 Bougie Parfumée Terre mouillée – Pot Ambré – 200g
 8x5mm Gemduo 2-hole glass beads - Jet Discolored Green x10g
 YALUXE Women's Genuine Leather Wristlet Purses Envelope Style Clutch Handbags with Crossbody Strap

==

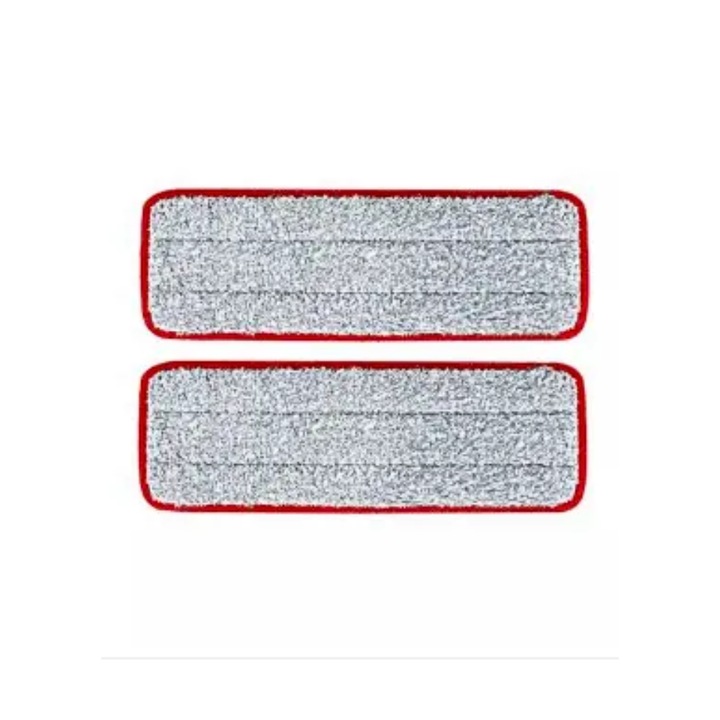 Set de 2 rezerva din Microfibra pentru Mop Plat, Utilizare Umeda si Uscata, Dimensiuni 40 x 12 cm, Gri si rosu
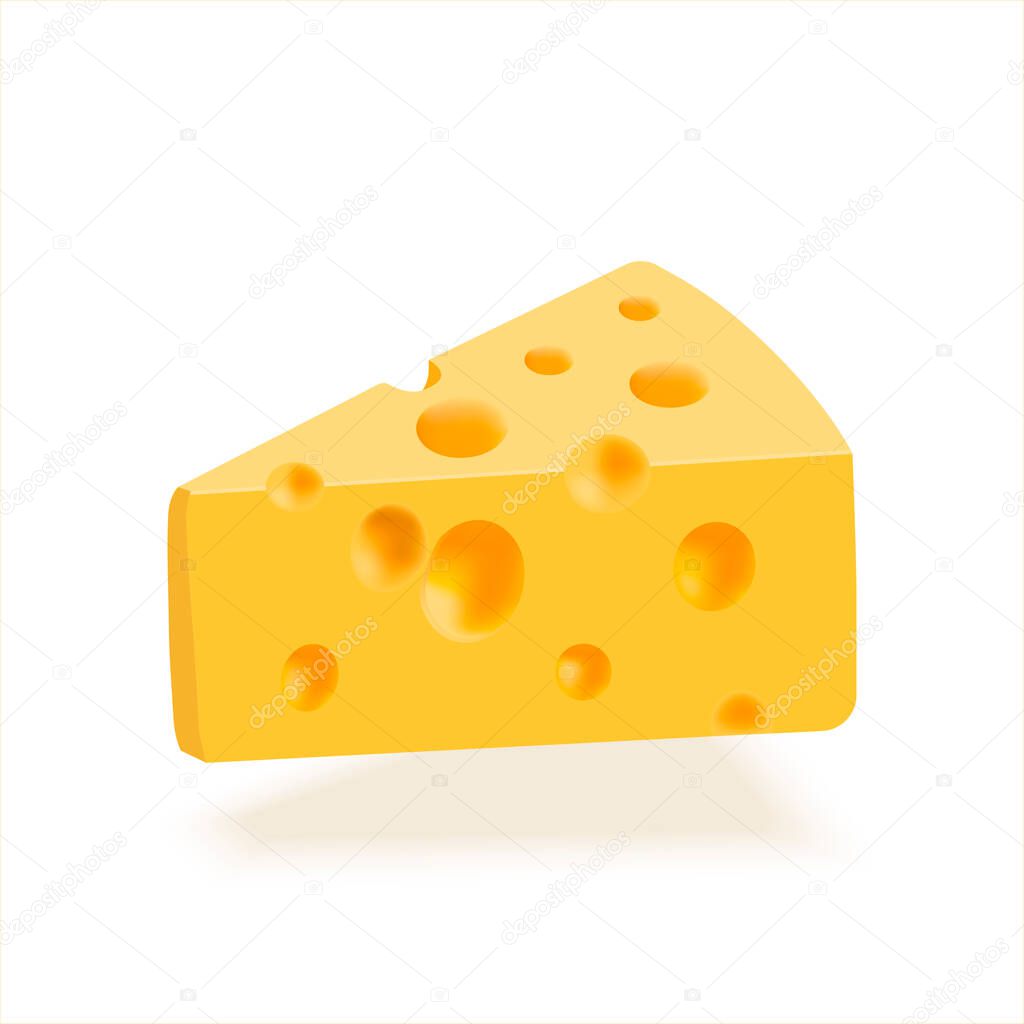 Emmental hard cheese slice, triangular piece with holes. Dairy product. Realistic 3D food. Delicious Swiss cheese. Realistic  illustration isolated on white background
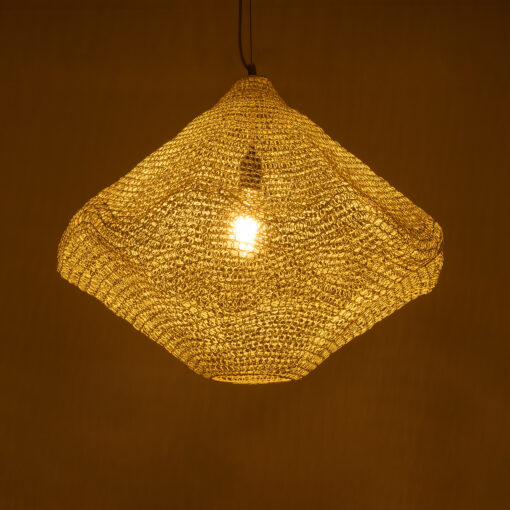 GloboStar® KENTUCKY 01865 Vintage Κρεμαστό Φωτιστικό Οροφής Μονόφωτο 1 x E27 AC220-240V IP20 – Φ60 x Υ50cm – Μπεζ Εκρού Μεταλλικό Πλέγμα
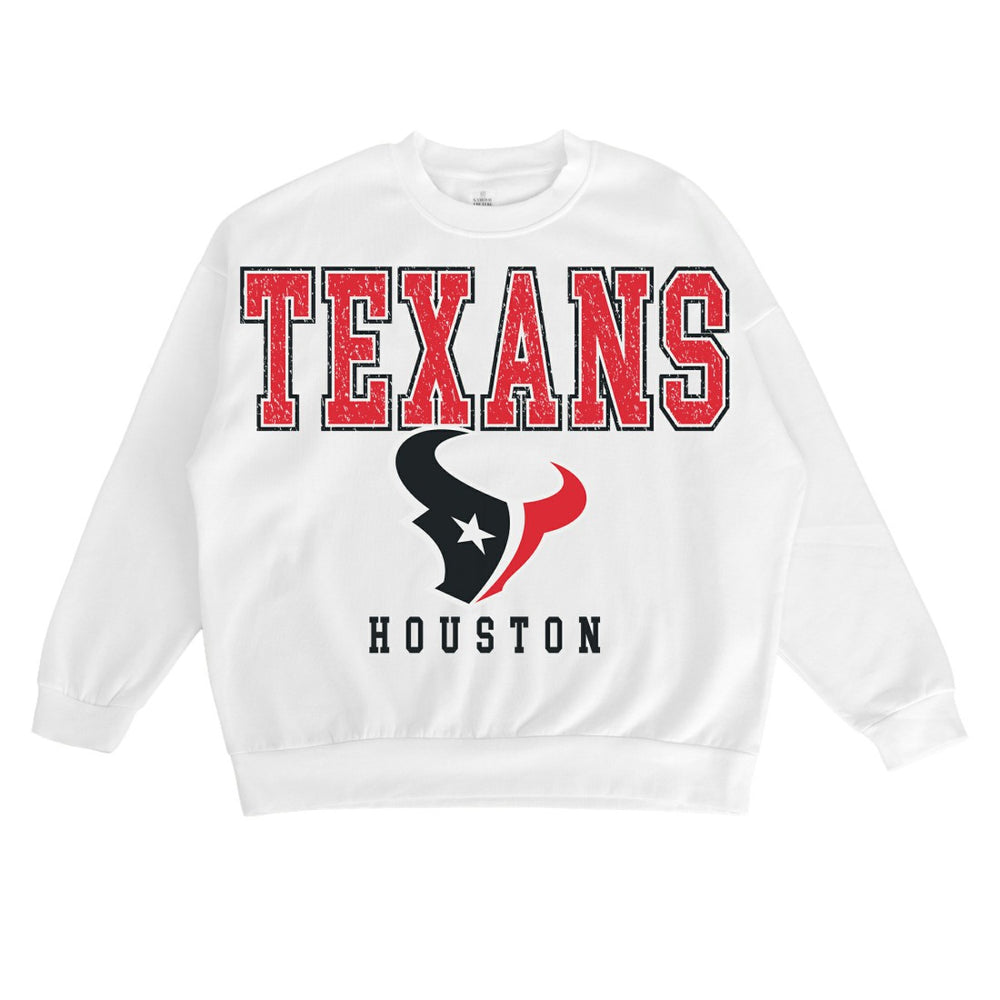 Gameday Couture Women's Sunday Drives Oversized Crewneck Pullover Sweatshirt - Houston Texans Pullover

==

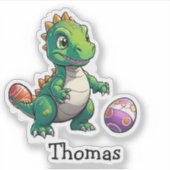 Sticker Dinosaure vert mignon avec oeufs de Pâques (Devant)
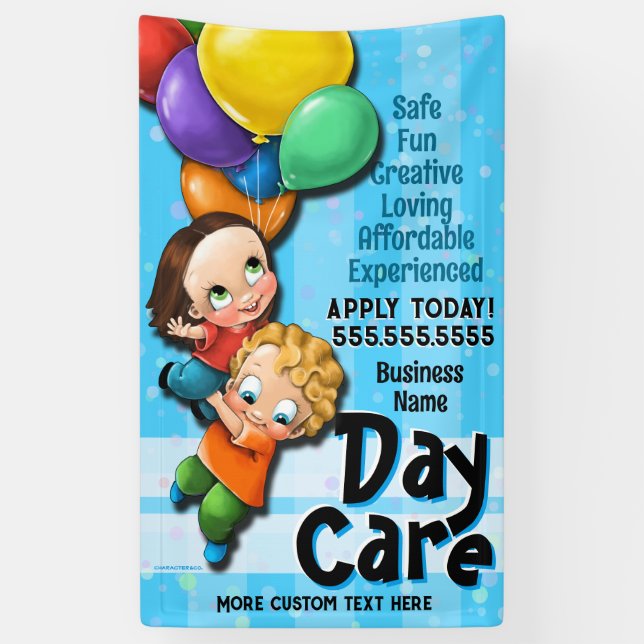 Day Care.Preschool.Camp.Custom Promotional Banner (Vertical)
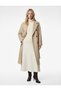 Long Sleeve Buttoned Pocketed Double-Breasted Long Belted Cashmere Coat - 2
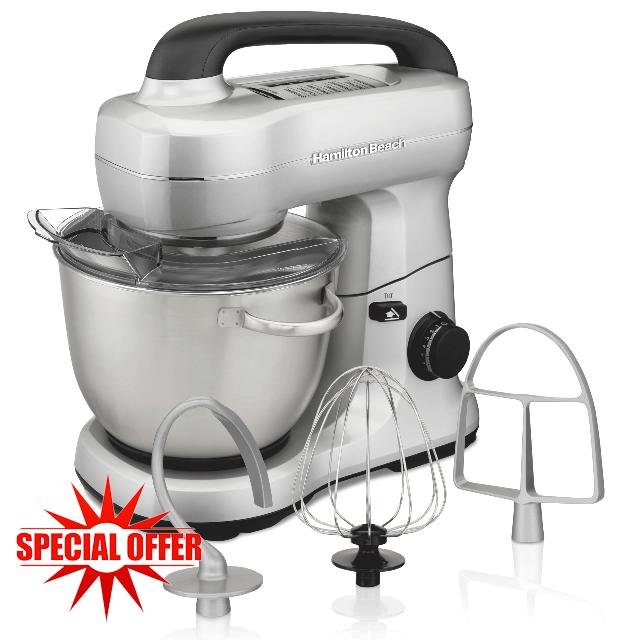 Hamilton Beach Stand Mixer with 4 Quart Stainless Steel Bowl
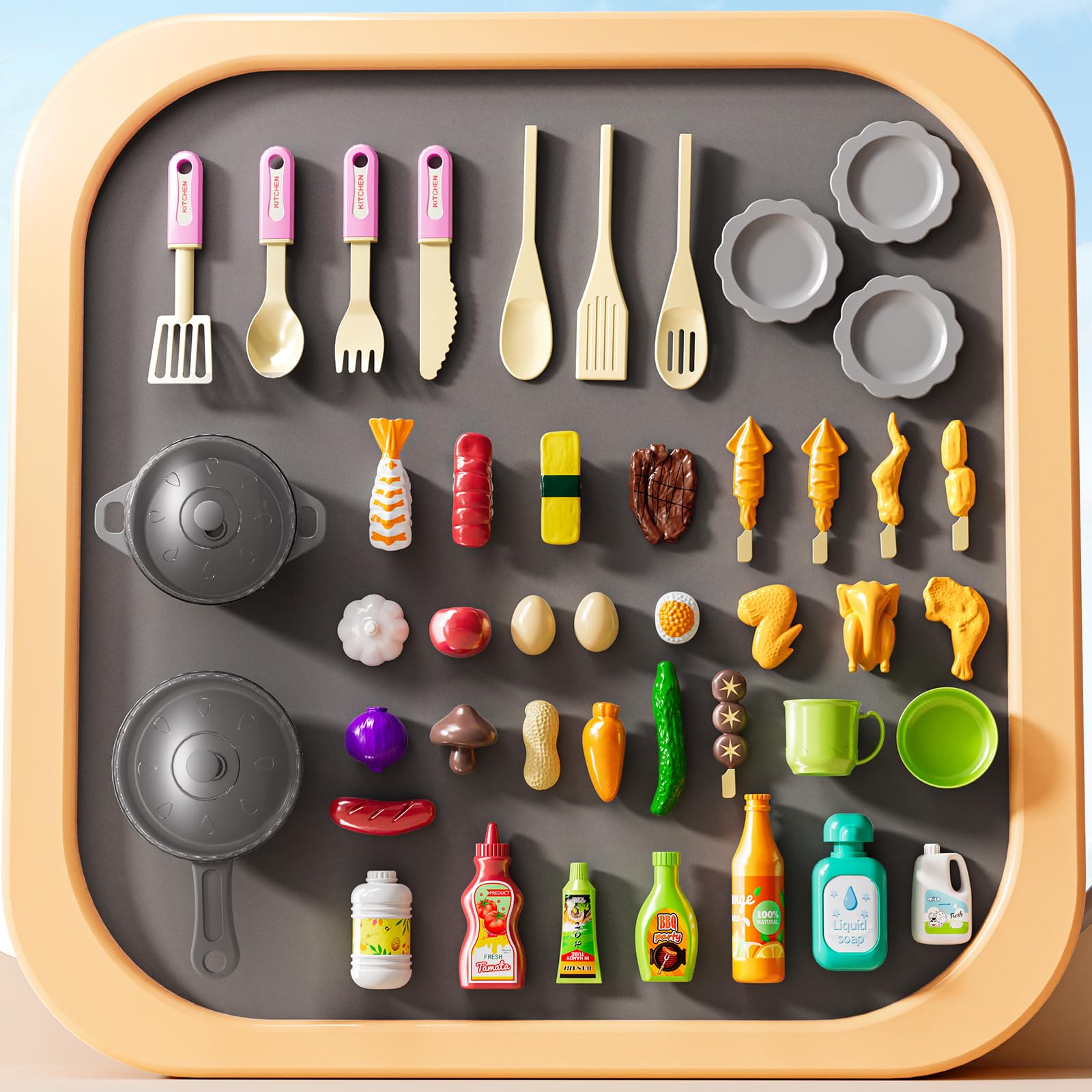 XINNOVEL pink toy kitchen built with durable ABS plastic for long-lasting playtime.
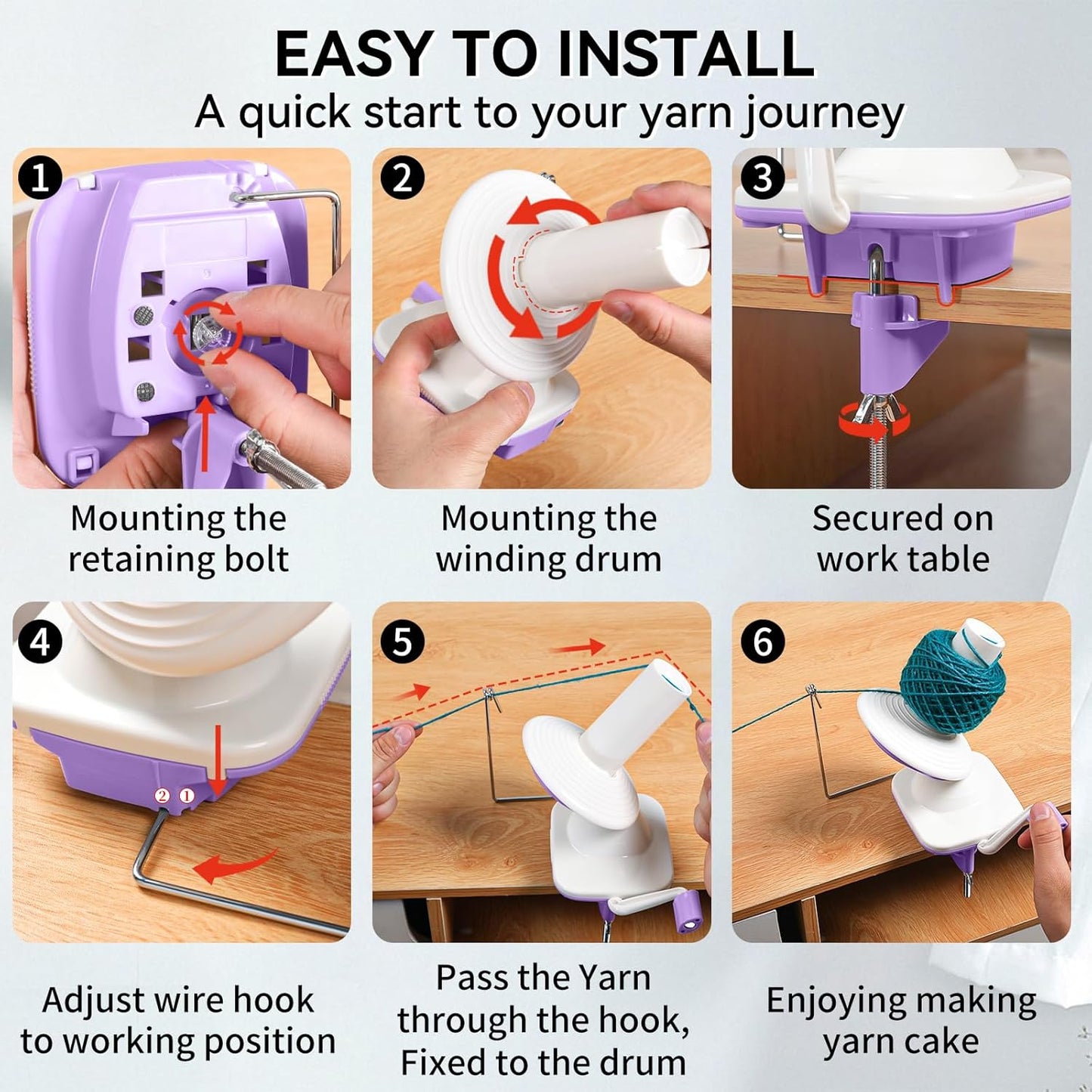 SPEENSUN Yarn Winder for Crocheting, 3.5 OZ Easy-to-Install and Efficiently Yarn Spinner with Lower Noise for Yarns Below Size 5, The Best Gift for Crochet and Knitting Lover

** WHAT YOU ARE ASKED TO DO **
Within the listing above, the range opens at the line with "Bougie Parfumée Terre" and closes at the line with "YALUXE Women's Genuine". Reproduce exactly the lines of that range, including both ends.

** REPLY TO THE EXERCISE **
 Bougie Parfumée Terre mouillée – Pot Ambré – 200g
 8x5mm Gemduo 2-hole glass beads - Jet Discolored Green x10g
 YALUXE Women's Genuine Leather Wristlet Purses Envelope Style Clutch Handbags with Crossbody Strap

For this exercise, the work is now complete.